Activity: Set down, exactly and with nothing added, the lines running from the one that holds "DIAMOND RESORT PHUKET - 76" to the final line of the records. Pictures stay out of the copy.
Start of Data for review
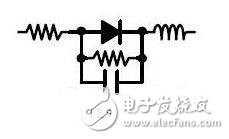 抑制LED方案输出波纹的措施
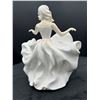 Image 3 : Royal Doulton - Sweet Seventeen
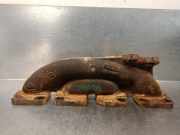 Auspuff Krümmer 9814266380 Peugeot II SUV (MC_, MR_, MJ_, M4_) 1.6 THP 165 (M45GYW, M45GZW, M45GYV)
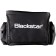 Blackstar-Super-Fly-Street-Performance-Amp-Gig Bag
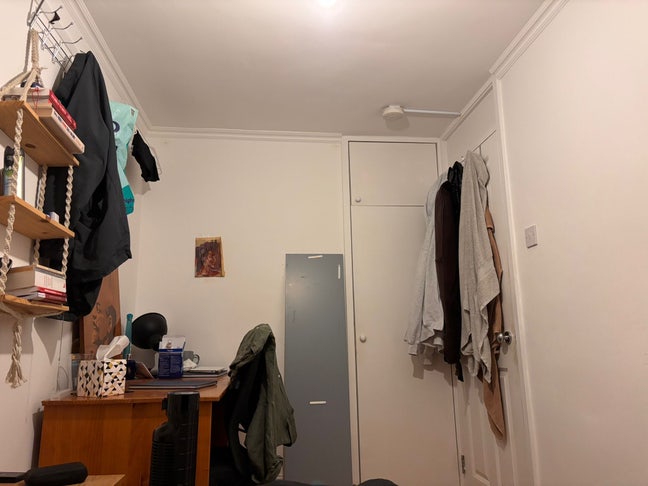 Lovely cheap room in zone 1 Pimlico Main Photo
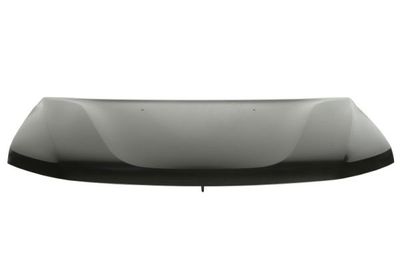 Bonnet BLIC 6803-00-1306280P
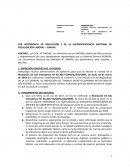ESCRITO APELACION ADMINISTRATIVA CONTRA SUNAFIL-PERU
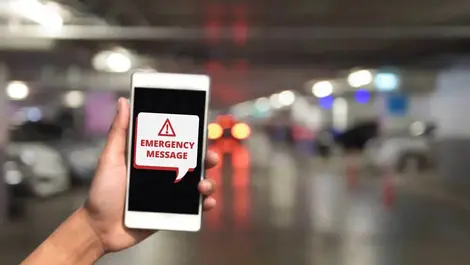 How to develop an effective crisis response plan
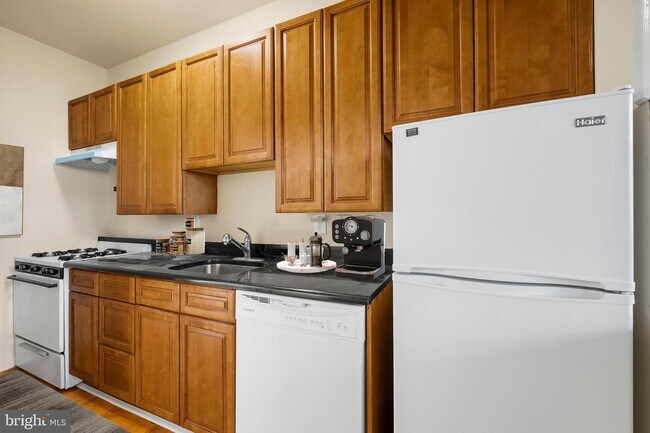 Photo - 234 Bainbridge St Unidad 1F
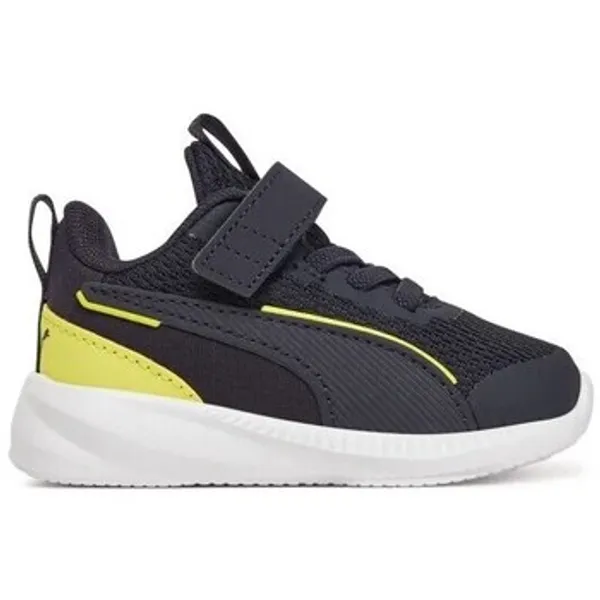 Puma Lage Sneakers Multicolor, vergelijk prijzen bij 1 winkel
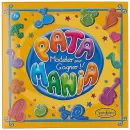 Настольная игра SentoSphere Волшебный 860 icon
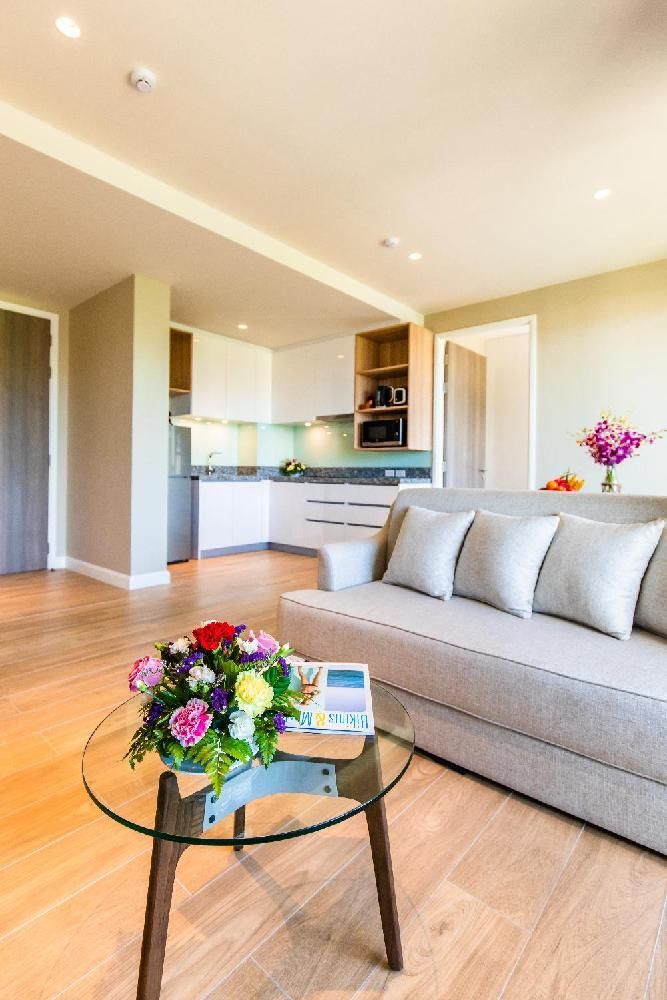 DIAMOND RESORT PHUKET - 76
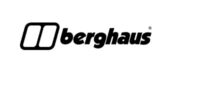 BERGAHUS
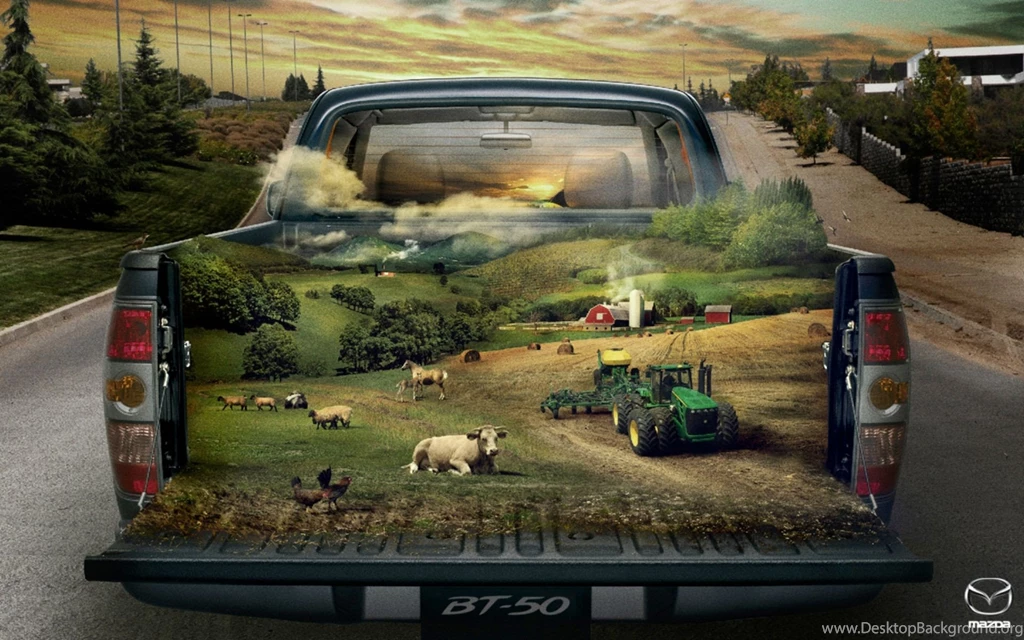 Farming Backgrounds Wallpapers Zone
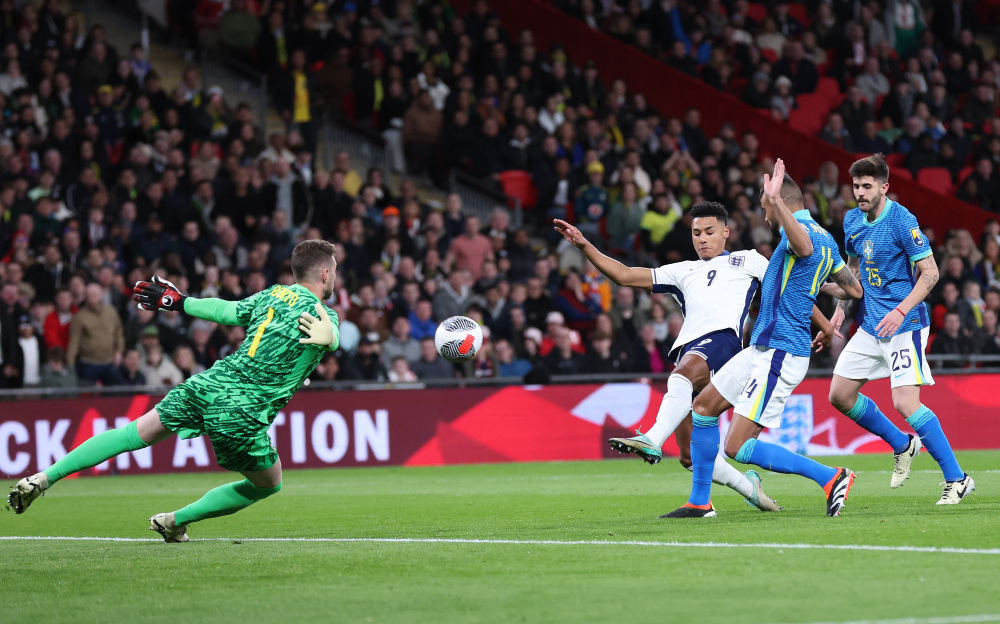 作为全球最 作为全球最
End of Data for review
The completed task:
 DIAMOND RESORT PHUKET - 76
 BERGAHUS
 Farming Backgrounds Wallpapers Zone
 作为全球最 作为全球最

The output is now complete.